Once she got far enough that the mushrooms out of sight, she fell to the ground. The rain was falling so hard she couldn’t even hear her own thoughts. She did hear the sound of a thousand footsteps somewhere in the distance, but covered her ears, because she refused to believe it was real. It couldn’t be real. But it was. Suddenly, the sight of enormous blue spiders stopped her in her tracks – she was frozen by fear. Aghast, she took a deep breath in but couldn’t breathe it back out again. She was trapped. As they inched closer, she tried to run, but they captured her in their thick webs of steel. They clamped down with pressure she couldn’t bear. She screamed out in fear, but they restrained her to the point where moving freely was an impossibility.

“Young fool. If you resist, it only gets worse. Calm yourself, or you will get hurt.”

It was strange – it was if they cared about her. Almost as if they were helping her by hurting her. They had her leaning back into their arms, breathing, and letting whatever happened, happen. Once again she decided in her quiet desperation trust someone to escape that constant feeling of loneliness, the piercing darkness. Once again she felt safe in the dark, not realizing what was bound to happen.

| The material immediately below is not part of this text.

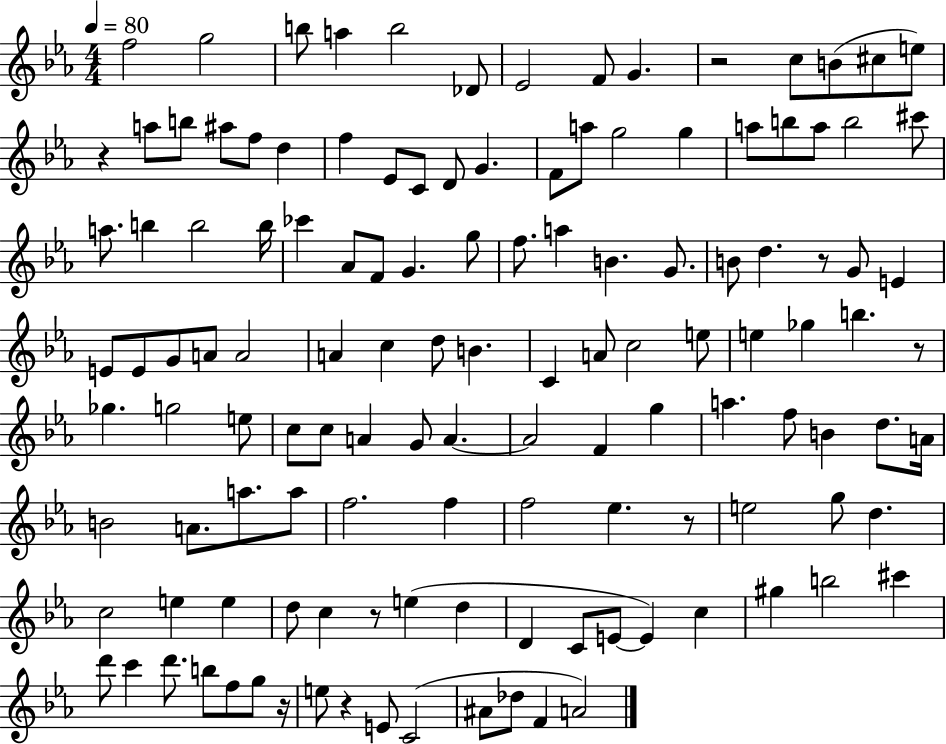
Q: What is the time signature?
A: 4/4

She woke up in a swamp. Her entire lower body is stuck in mud and dirt, unable to move her legs and arms. With only her head stuck up in the air, she saw something who resembled a human being. She couldn’t sort out any type of face or contours. This person was shrouded in darkness, like a shadow. It asked if there is anything she needed. She just wondered why it kept doing this.

“You can drown if you want to, but not as long as you’re stuck there”, the shadow said.

I woke up in a bed of steel, covered in snow white blankets. As I filled my journal with barely discernable letters, hoping to put the dream’s pieces together, it was then I slowly started to realize. Maybe it wasn’t a dream. Maybe there isn’t a borderline between our nightmares and our reality. Maybe this nightmare was my reality.

One of the black shadows walked into my room. It was a person this time, a person with white clothes and a kind human face. She asked if I needed anything. I said, “I need music,” and she smiled. I heard an alarm go off, so I plugged in my earphones in as soon as she ran off, and let Mumford and Sons silence that god awful sound. The sound of someone out there, wishing they weren’t alive.

“I will hold on hope, and I won’t let you choke, on that noose around your neck.”

And at that moment I realized that this nightmare was nothing more than a reality that no one ever noticed. That no one sees, because it’s too painful and too real. But just because these normal people haven’t seen it for themselves, doesn’t mean it never happened.